Users are provided with options to set the parameters of the different
programs of the pipeline.
Furthermore, the system offers the possibility to control results of each step before launching the next program, so that users can modify and properly adjust parameters for a given task. This is possible in checking the "Step by step" option.
In the case of an "All at once", at the end of the pipeline processing, users have access to detailed reports for all the different analysis steps of the pipeline through different tabs of results.

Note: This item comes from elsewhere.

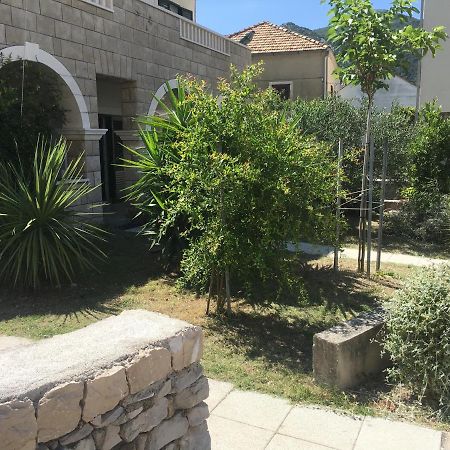 Apartmani Domenika Žuljana Buitenkant foto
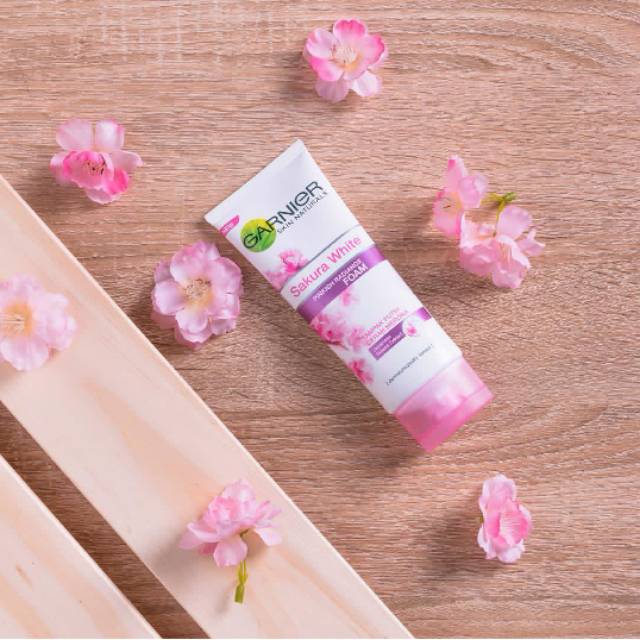 GARNIER Sakura White Foam 50 ml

At the end of the analysis, users have the possibility to look at a schematic representation of the workflow, with details about software options, so as the references of the different selected tools. This summary of the run is accessible through the "Overview" tab since the analysis is finished. This fonctionality is also observable in the "One Click mode".
In the case of an "Step by step" analysis, users have the possibility to control and edit the results of each step before launching the next program.
The server offers the possibility to run other alignment and phylogeny programs than those preselected in the "One Click" and "Advanced" modes:
A fast BLAST search on Gigablaster allows to quickly explore your sequence neighbors. Paste your single sequence, run blast and explore its homologous sequences. The system facilitates the selection of homologous sequences, based on a 'quick-and-dirty' phylogenetic representation using BLAST results and an estimator of the final multiple alignment length.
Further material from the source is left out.